Package ‘mysql-server’ Has No Installation Candidate
This means your apt sources are either outdated or misconfigured. Run sudo apt update and try again. If you’re on a minimal Ubuntu install (common on cloud VPS images), you may need to add the universe repository:
sudo add-apt-repository universe
sudo apt update
sudo apt install mysql-server -y
FAQ
Frequently Asked Questions
Which version of MySQL does Ubuntu install by default?
Ubuntu 20.04 and 22.04 install MySQL 8.0 from the default apt repositories. Ubuntu 24.04 ships MySQL 8.4. If you need a specific version that isn’t available in the default repos, you can add the official MySQL APT repository from dev.mysql.com and choose your version from there.
How do I allow remote connections to MySQL?
By default, MySQL on Ubuntu only listens on localhost (127.0.0.1). To allow remote connections, edit /etc/mysql/mysql.conf.d/mysqld.cnf and change the bind-address to 0.0.0.0 (or a specific IP), then restart MySQL with sudo systemctl restart mysql.

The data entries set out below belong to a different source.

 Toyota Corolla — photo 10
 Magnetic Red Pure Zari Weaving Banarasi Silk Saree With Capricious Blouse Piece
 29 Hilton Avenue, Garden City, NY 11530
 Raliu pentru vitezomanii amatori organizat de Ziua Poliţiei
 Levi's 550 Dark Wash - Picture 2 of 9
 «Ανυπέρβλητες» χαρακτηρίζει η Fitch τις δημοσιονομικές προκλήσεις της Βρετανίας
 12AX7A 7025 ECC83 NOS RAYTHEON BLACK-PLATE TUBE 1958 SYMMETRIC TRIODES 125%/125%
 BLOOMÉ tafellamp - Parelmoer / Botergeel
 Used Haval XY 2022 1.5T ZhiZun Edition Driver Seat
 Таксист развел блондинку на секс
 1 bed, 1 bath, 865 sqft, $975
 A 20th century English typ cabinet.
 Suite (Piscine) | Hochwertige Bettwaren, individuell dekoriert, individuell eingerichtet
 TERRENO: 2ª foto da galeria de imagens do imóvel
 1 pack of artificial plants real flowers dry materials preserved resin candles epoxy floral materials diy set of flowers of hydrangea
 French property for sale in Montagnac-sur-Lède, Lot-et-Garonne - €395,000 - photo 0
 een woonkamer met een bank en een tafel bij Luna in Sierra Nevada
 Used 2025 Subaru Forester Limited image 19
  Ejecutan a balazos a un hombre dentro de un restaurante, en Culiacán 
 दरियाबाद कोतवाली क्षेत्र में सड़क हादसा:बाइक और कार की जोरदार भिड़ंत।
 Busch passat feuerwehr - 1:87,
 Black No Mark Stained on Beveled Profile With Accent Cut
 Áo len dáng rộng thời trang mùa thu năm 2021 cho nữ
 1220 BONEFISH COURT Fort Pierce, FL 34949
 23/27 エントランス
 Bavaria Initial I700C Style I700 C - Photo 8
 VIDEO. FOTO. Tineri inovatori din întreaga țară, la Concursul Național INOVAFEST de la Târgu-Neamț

You’ll also need to create a MySQL user with a host value other than ‘localhost’, and make sure your firewall allows port 3306. Be cautious — exposing MySQL directly to the internet without additional controls is a security risk.
How do I change the MySQL root password on Ubuntu?
Log in with sudo mysql (if socket auth is still active) or mysql -u root -p, then run: ALTER USER ‘root’@’localhost’ IDENTIFIED BY ‘NewPassword’; followed by FLUSH PRIVILEGES; If you’ve forgotten the root password entirely, you’ll need to restart MySQL in skip-grant-tables mode — look up the procedure for your specific MySQL version, as the steps differ between 8.0 and 8.4.
Is MySQL or MariaDB better for Ubuntu?
For most web hosting setups, either will work. MariaDB is a drop-in MySQL alternative with some performance differences and a slightly different feature set. If you’re following specific documentation for an app (like certain WordPress configurations or a framework with MySQL-specific queries), stick with MySQL to avoid compatibility surprises. MariaDB can be installed with sudo apt install mariadb-server and follows a similar setup process.
Do I need to install MySQL separately if I'm using managed WordPress hosting?
No. With Host & Tech managed WordPress hosting, MySQL is pre-installed, configured, and maintained as part of the stack — you don’t touch the database server directly. MySQL installation is something you’d handle yourself on a VPS or dedicated server where you control the full environment.